<<<<
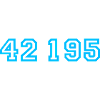 42 195 - Marathon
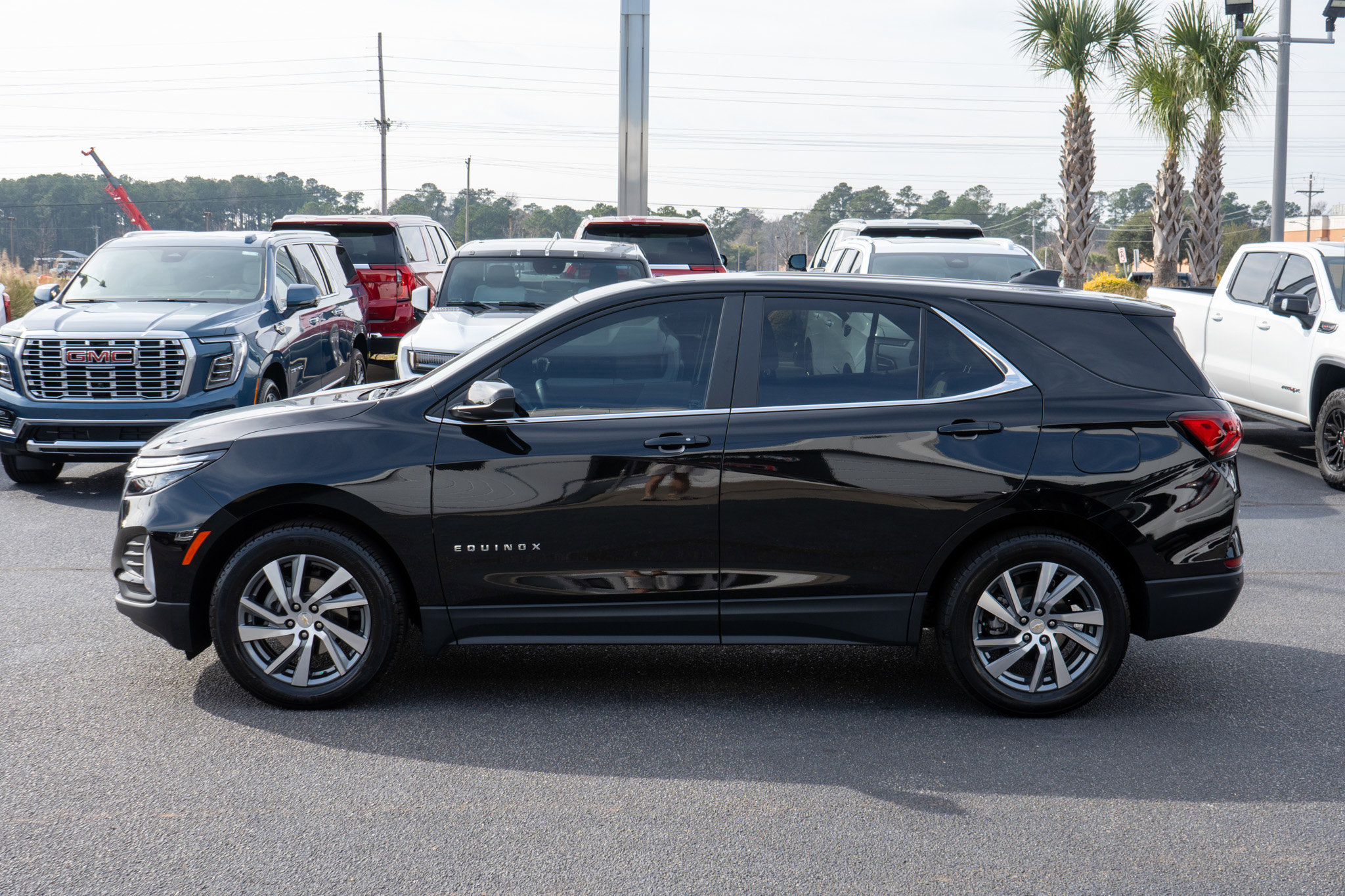 Certified 2022 Chevrolet Equinox LT image 6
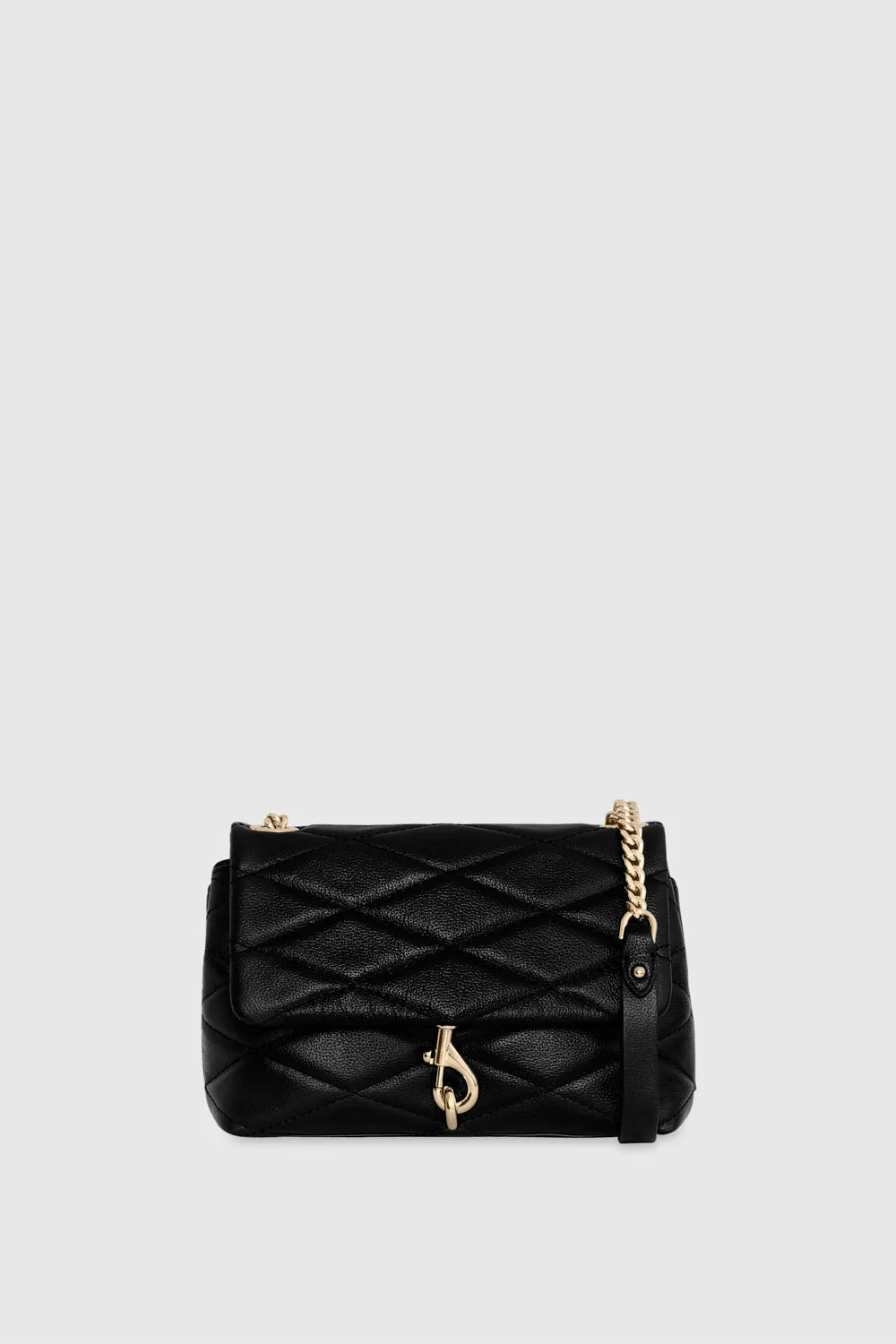 Edie Crossbody With Diamond Quilt sold by Rebecca Minkoff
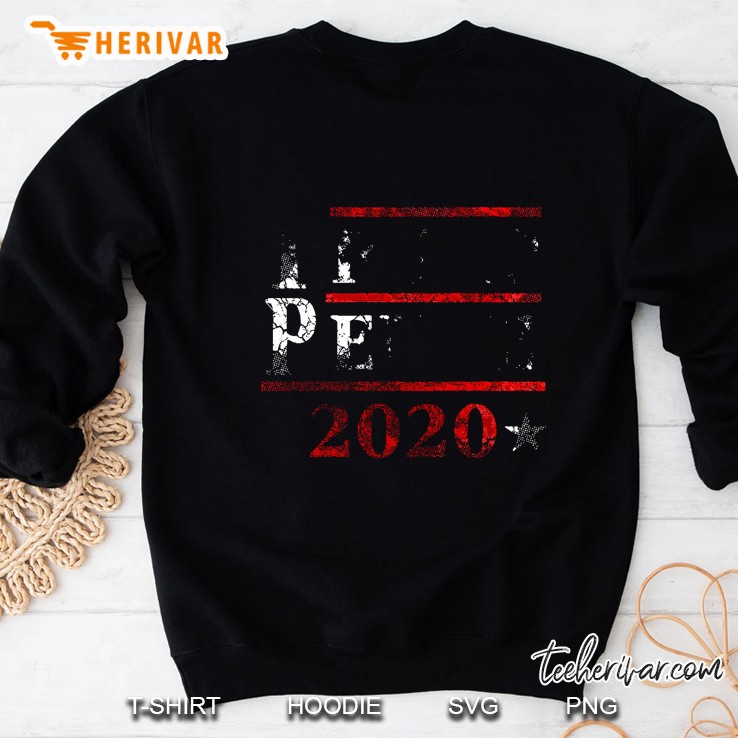 Re Elect Trump Pence 2020 Sweatshirt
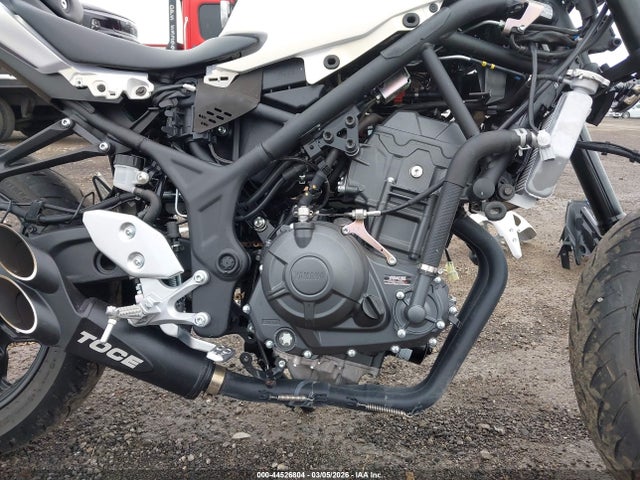 Yamaha Yfz320 A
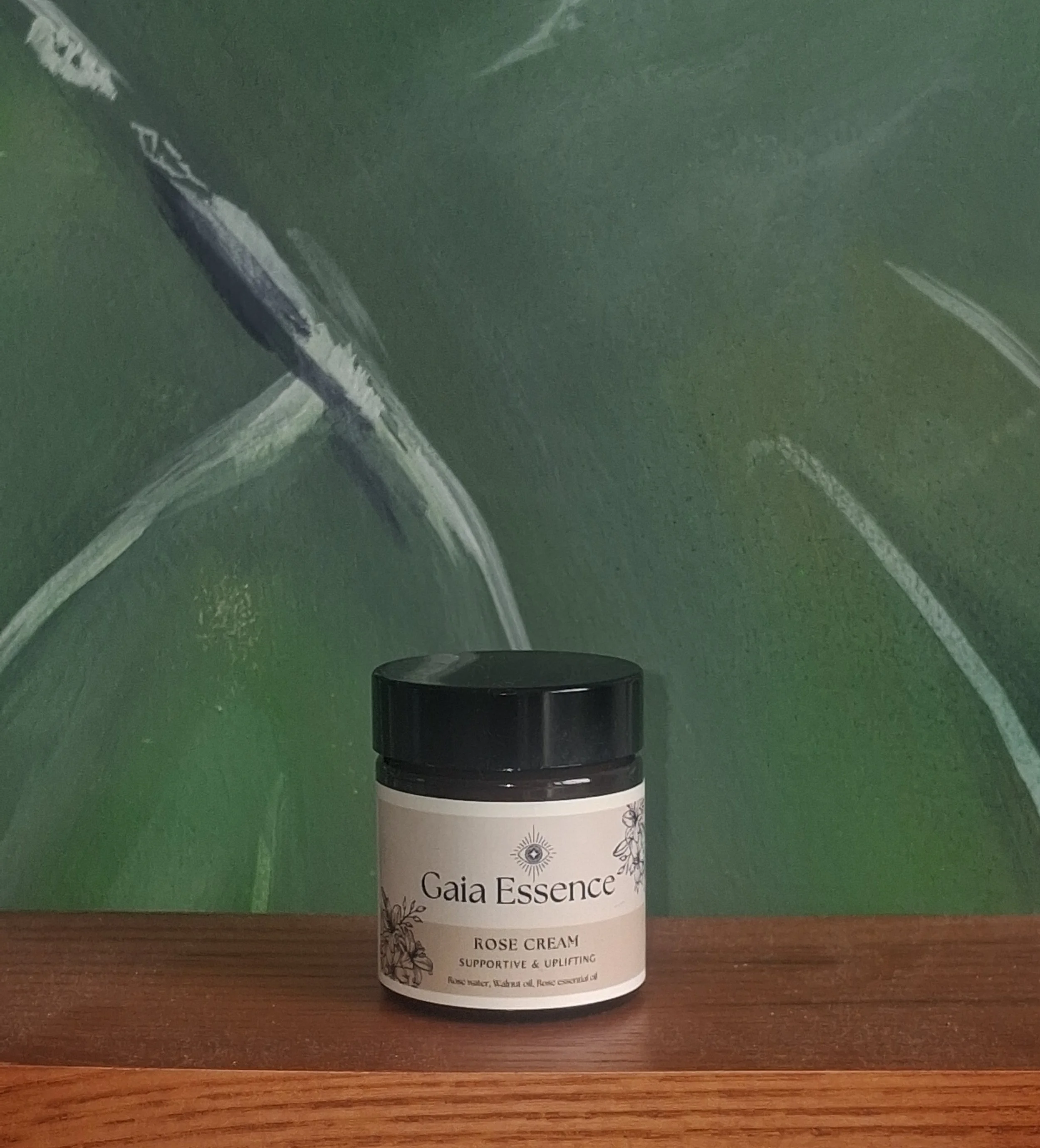 Rose Cream 30ml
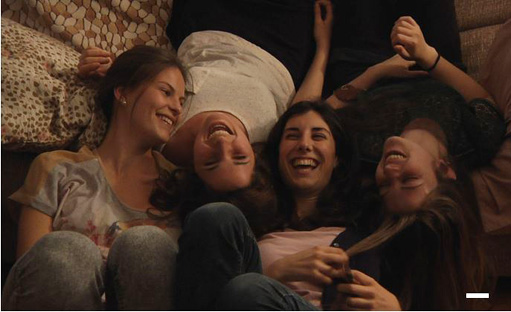 Las amigas de Ágata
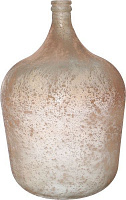 Ваза стеклянная коричневая Garrafa 56 см San Miguel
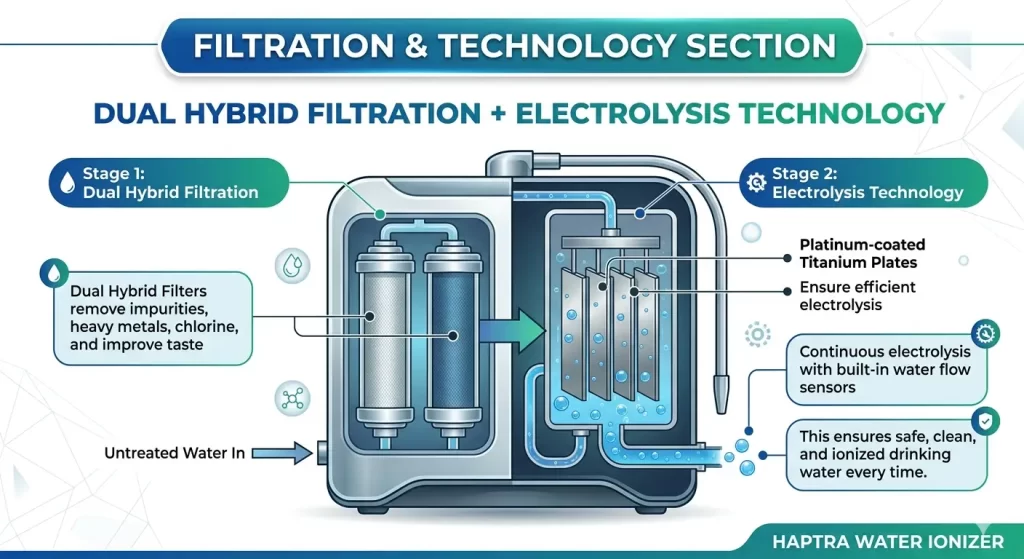 Filtration Technology Section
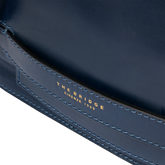 Large leather crossbody bag | The Bridge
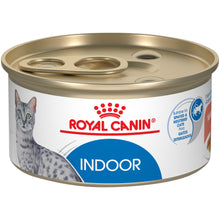 Load image into Gallery viewer, Indoor Adult Morsels in Gravy Canned Cat Food
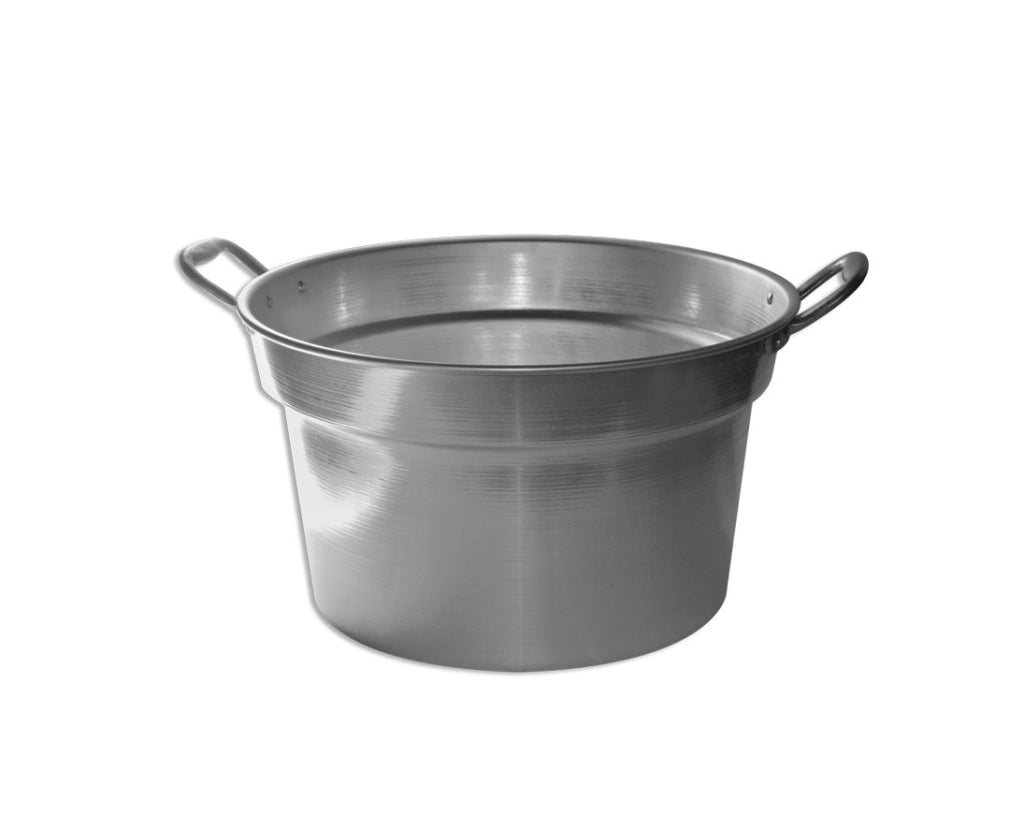 PENTOLA A CALDAIA PESANTE Ø cm 56x31h - cap. 33 lt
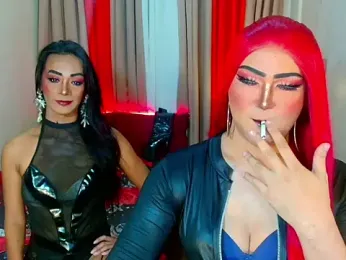 Incredible_Shemale webcam model stream image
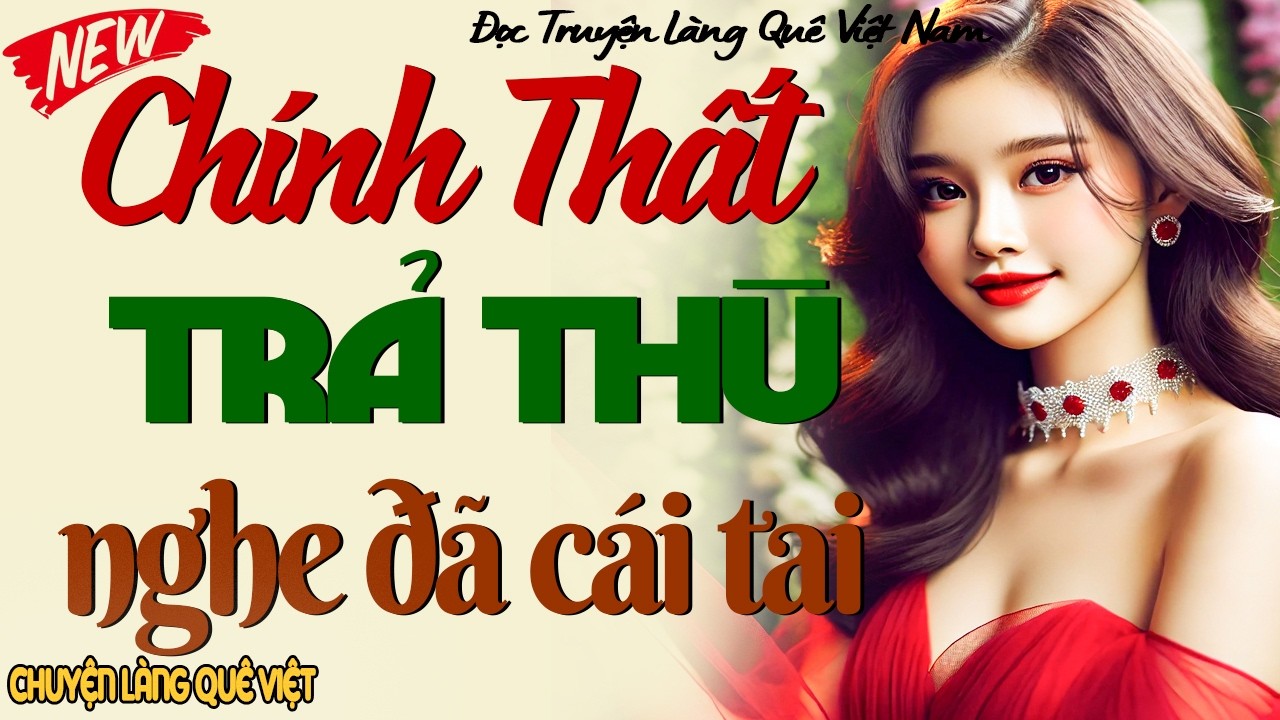CHÍNH THẤT TRẢ THÙ _ Vợ Nghèo Hóa Sếp Tổng Để Báo Thù Tiểu Tam Giật Chồng, Cái kết nhục nhã
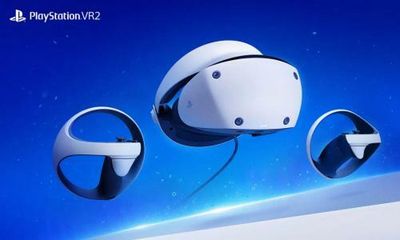 Sony’s PlayStation VR 2 headset to launch at £530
>>>>
### Work task
Copy exactly, and copy nothing else: the lines from the one containing "Rose Cream 30ml" through the end of the data, both ends included, with pictures left out.

### Problem solution
 Rose Cream 30ml
 Las amigas de Ágata
 Ваза стеклянная коричневая Garrafa 56 см San Miguel
 Filtration Technology Section
 Large leather crossbody bag | The Bridge
 Load image into Gallery viewer, Indoor Adult Morsels in Gravy Canned Cat Food
 PENTOLA A CALDAIA PESANTE Ø cm 56x31h - cap. 33 lt
 Incredible_Shemale webcam model stream image
CHÍNH THẤT TRẢ THÙ _ Vợ Nghèo Hóa Sếp Tổng Để Báo Thù Tiểu Tam Giật Chồng, Cái kết nhục nhã
 Sony’s PlayStation VR 2 headset to launch at £530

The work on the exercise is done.